A launchpad for hope and a path to independence.
When you feed someone, you are nourishing them, meeting their physical needs and quieting the groans of an empty belly. You are opening the door to a relationship and offering the chance to start over.
That’s why the meals served at Everett Gospel Mission are so important. They are much more than food. They are the beginning of HOPE.
Meals bring people to our doors, but we can’t stop there. People have to be given the tools they need to overcome the obstacles of poverty and homelessness, so they can rebuild their lives.
That’s why we are thrilled about our brand new culinary arts training program, Feed Hope Kitchen.
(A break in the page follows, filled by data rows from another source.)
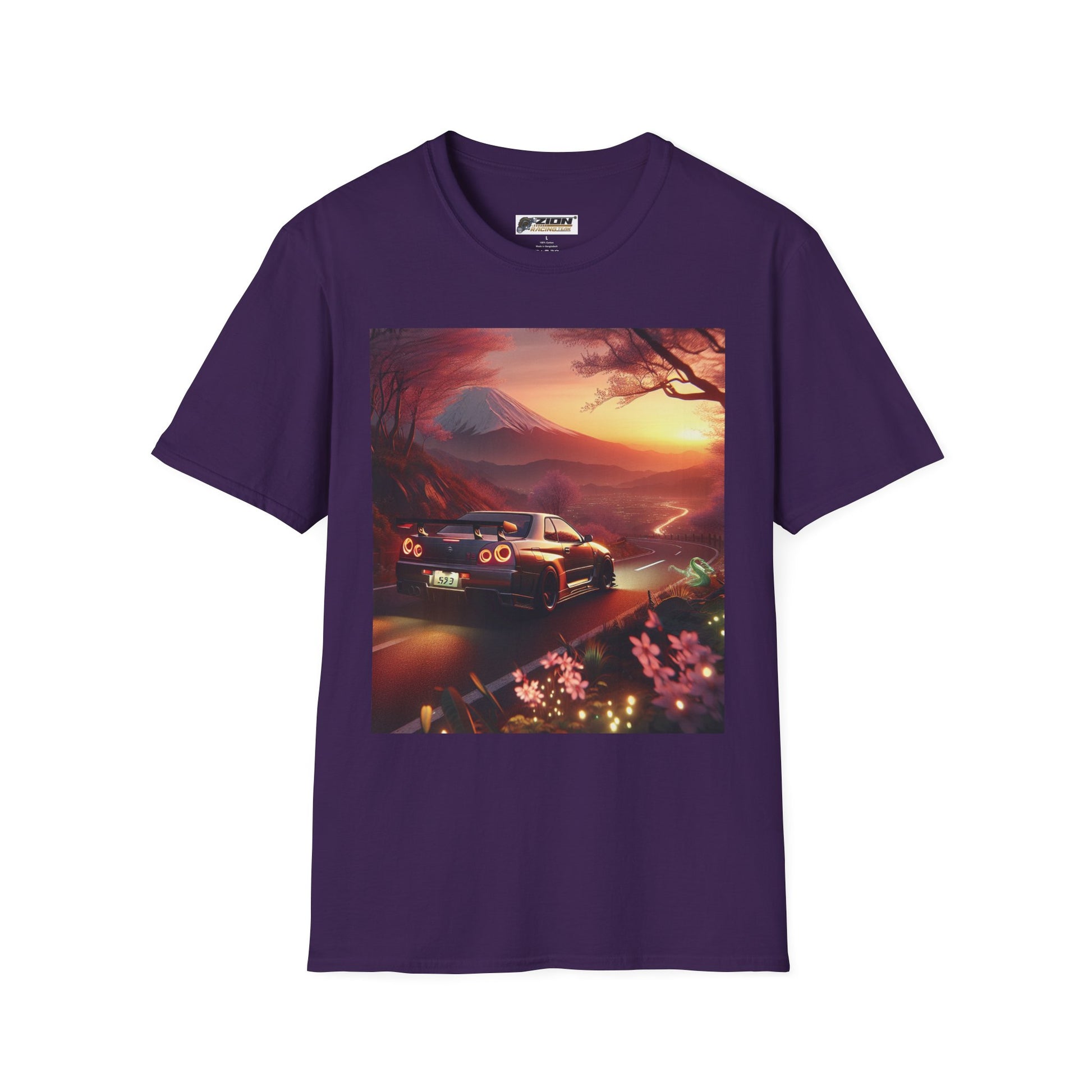Scenic Sunset Car T-Shirt - Unisex Softstyle Tee, Perfect for Car Lovers, Gift for Birthdays, Road Trip Outfit, Casual Wear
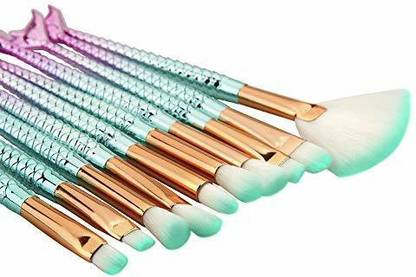 AVTY Soft Bristle Eyeshadow Blending Fish Tail Makeup Brushes Set- Green, 10 Pieces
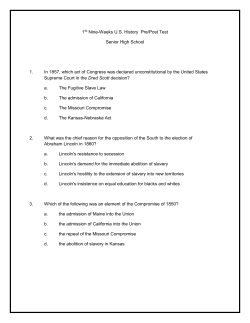 1St Nine-Weeks U.S. History Pre/Post Test Senior High School 1. In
Feed Hope Kitchen is a rigorous, 14-week, hands-on training and job-placement program designed specifically to give Mission residents the knowledge, skills and confidence they need to work in a restaurant, catering company or other food-related business.
It’s like someone handing you a ticket to a whole new life.
“People move up from the bottom in this industry,” says Nathan, the Feed Hope Kitchen Program Manager. “Almost everyone has washed dishes or chopped vegetables for someone else. To be successful you need a good foundation and basic skills.”
Now, any resident at the Mission can gain those skills and start a new career — all through the support of caring people like you.
“This is an opportunity to give homeless people work that they can be proud of,” says Nathan. We are thrilled to have Nathan, who has a background in the culinary industry as well as teaching, heading up this program. “There’s that old saying about teaching a man to fish. I think you need to teach them to cook that fish,” he says.
Brian*: “The meals here saved my life.”
One of our very first culinary students, Brian, was a bus driver for years until he started having severe migraine headaches. Unable to work, he lost his home. He was forced out on the streets. Trying to get well, Brian quit smoking and adopted a healthy lifestyle. His headaches stopped, but he was still homeless.
One day, he came to get hygiene items and other necessities through the HEN (Housing and Essential Needs) program. After Brian picked up his supplies, he was encouraged to find out more about the Mission. He came inside, was greeted with a hot cup of coffee, and sat down with one of our staff members.
“My social anxiety prevents me from asking people for things, so it was really hard,” he remembers. But after he asked for help, and got a bed at the Mission, he was amazed. “I wondered why it took me so long to come here.”
When he heard about Feed Hope Kitchen’s first class, he jumped at the chance to participate.
“To me, it is more than just a program. It is the light on the horizon, the mark of hope,” Brian says. “I can see myself getting a job and doing something productive.”
Brian’s transformation all started because YOU helped meet his basic needs. That’s why food is central to so much of what we do here — it transforms lives.